Advantages: none really


----------



## alecstilleyedye (23 Aug 2007)

bonj said:


> Roof rack.
> Disadvantages:
> a) Precarious
> Pain in the arse to lift bikes onto it and secure them
> ...



i take it you're with me with the roof box method then bonj.


----------



## Danny (23 Aug 2007)

bonj said:


> Rear carrier.
> Disadvantages:
> a) Wobbly
> When you put it on, it wobbles about, even before bikes are on it
> ...



My previous experience with poor quality rear racks that I had borrowed was exactly as described by bonj (including an embarassing incident which resulted in my new girlfirend's car being badly scratched).

However the Saris Bones rack I recently bought has no wobble at all once you have correctly adjusted all the straps.


----------



## starseven (24 Aug 2007)

I use a boot mounted type but only becuase thats what was in the shop when I needed one, o and it was about a third of the price of anything else. The bikes do wobble and a lot of use will lead to a few scratches.

If its just occasional use mine says no more than 3 bikes but I wouldnt want to put 3 Dh bikes on it.

My favourites are the little trailers with a few bike on top, but I dont really need one , they just look handy


You might consider doing without altogether, my last car , a german saloon ahem.. ,could fit a couple of bikes with the wheels removed in the boot no need for a rack.


----------



## PaulSB (30 Aug 2007)

When the kids were young and everyone wanted to ride we had five bikes to move around, often to the south of France, on an Espace. The Espace shape means rear mounted racks are dangerous so we got a tow bar mounted rack from Pendle Bike Racks http://www.pendle-bike.co.uk/. Superb piece of kit that took 4 bikes and the last one went on the roof. These also keep their second hand value - got £100 for mine after 5 years use.

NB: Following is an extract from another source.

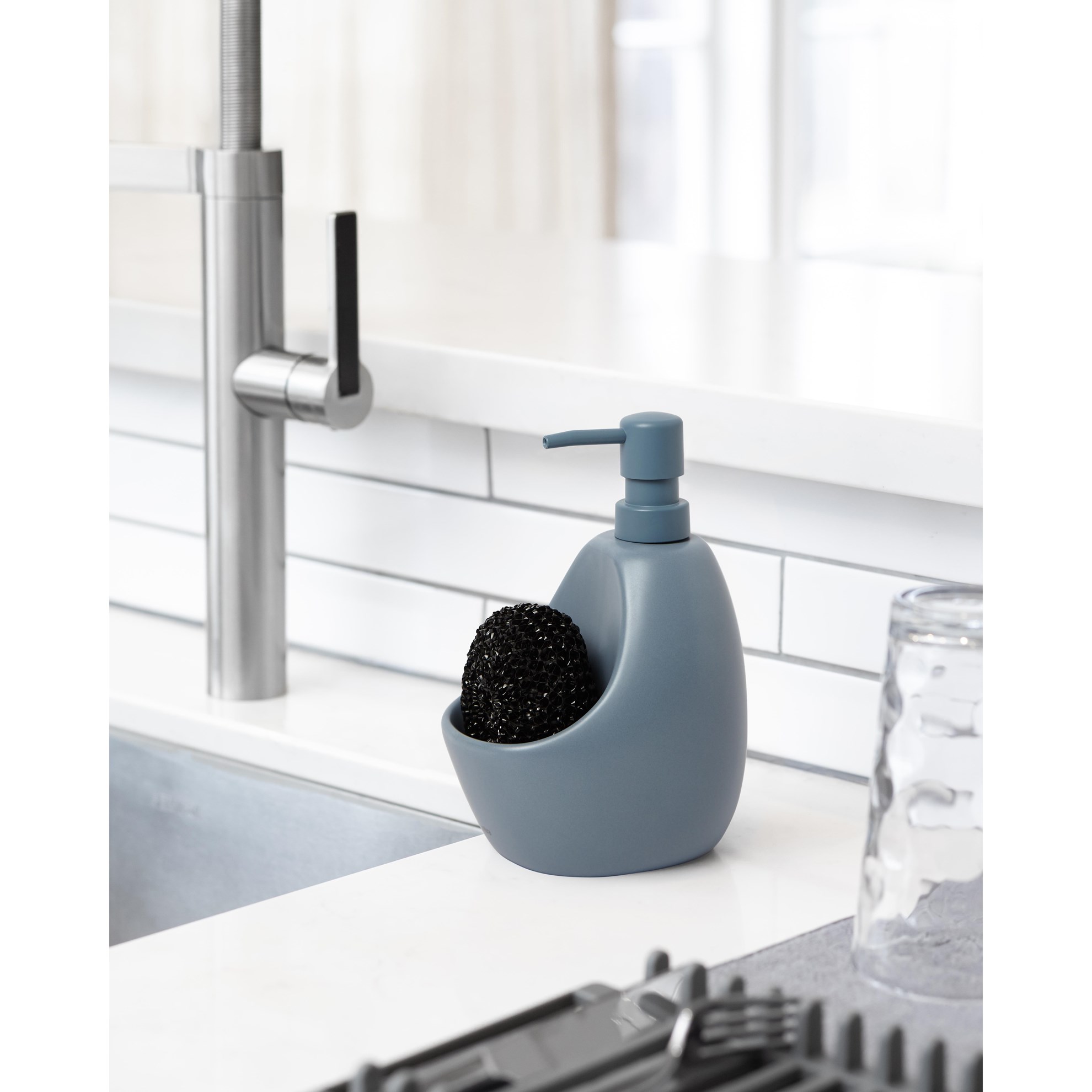 Dávkovač saponátu Umbra JOEY 600ml břidlicově modrá_5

Now it's just my bike I have something cheap from Halfords on the boot. I've spent some time covering the entire frame with foam pipe lagging from B&Q. This protects the bike and the car. To avoid paintwork scratches from the straps just slip a piece of cardboard under the clips.

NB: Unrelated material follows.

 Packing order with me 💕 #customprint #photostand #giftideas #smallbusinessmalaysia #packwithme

One day when I have some spare cash I shall invest in a tow bar and a new tow bar mounted carrier. This is by far the best system......and looks so good.


----------



## bonj2 (30 Aug 2007)

alecstilleyedye said:


> i take it you're with me with the roof box method then bonj.

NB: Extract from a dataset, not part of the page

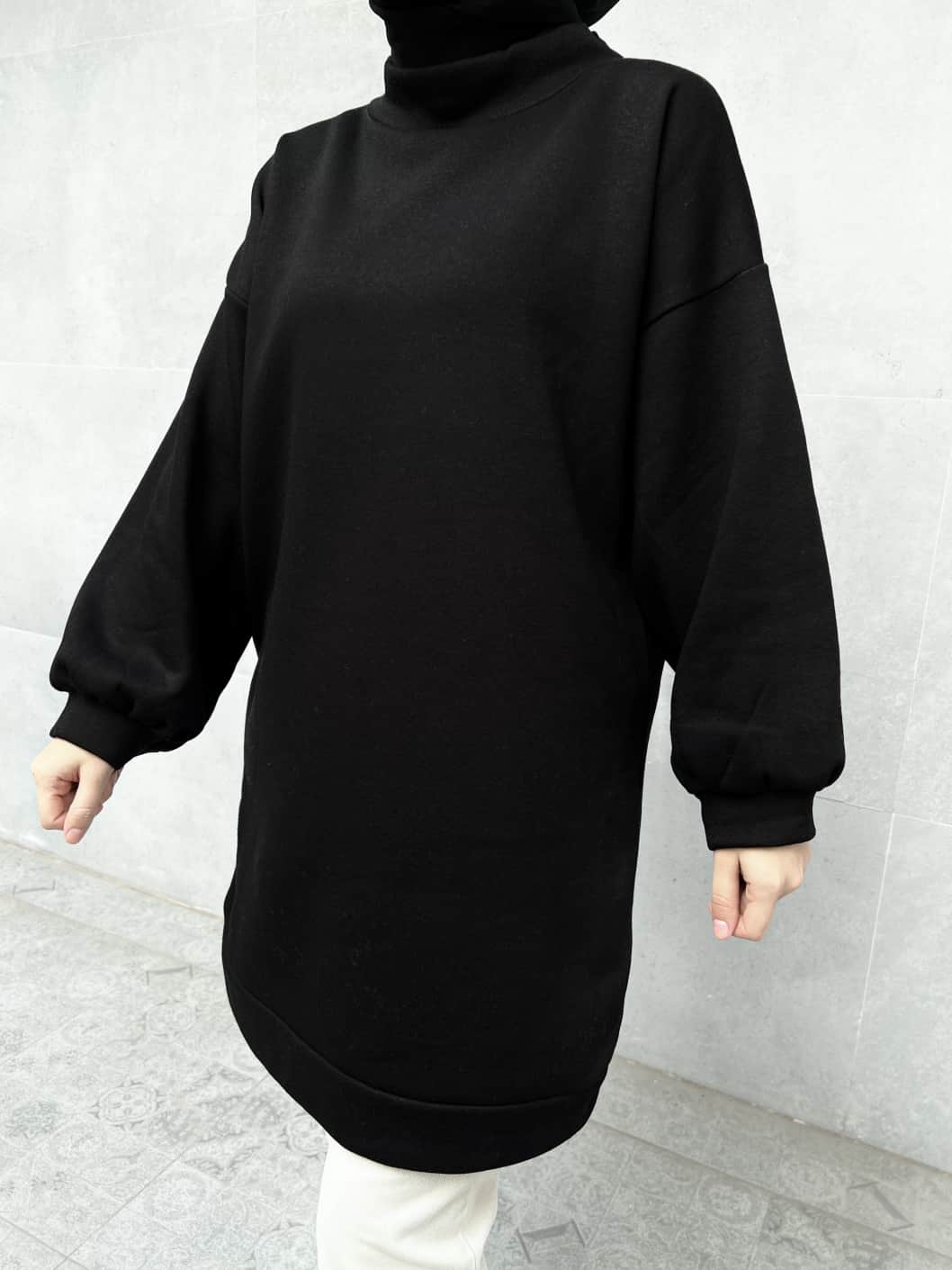 Üç İplik İçi Şardonlu Boğazlı Sweatshirt - Siyah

i'm with the 'inside vehicle' method myself, but yes roof box is better than rear rack or roof rack.
Tow-bar mounted rack would be the rack I'd have to go for if i had to have one, but i still wouldn't like that quite as much as inside.


----------



## andy_wrx (30 Aug 2007)

Sorry, this isn't intended to apply to those of you carrying three or more bikes or going on holiday with a carful of people and luggage...

...but I'm always puzzled to see a car, frequently a hatchback or estate car, with just one bloke driving it, and a single bike on the roof or a boot rack.

Why ?
I can understand it with lots of bikes, or lots of people & luggage & bikes - but one person and one bike ?

And if it's a MTB I can understand you might be getting it filthy and not want it in the car on the way back, but a road bike ?

If I drive to a tri or sportive, alone or with Mrs wrx, my bike goes inside the car. 
I put an old sheet in first to protect the carpet, drop the seats, shove the bike in - it takes seconds : far easier & quicker than fitting a rack, no effect on fuel consumption, more secure against theft.


----------



## rich p (30 Aug 2007)

Are there any issues witrh clamping a carbon down tube on a roof mounted system?


----------



## bonj2 (30 Aug 2007)

yeah, so make sure your brake lights work/can be seen!


----------



## HJ (30 Aug 2007)

Sell the car and stick to the bike


----------



## Lefire (31 Aug 2007)

Thanks for the advice:

*Summary is*
roof rack not a good idea
boot rack not a good idea
tow bar rack better but still not a good idea

That settles it then, I'll sell the car.


----------



## Scoosh (31 Aug 2007)

> Thanks for the advice:
> 
> *Summary is*
> roof rack not a good idea
> ...



Aha ! he's getting the idea .... 
..... but how does he get to that wonderful ride/race/sportif which is 100 miles away ???


----------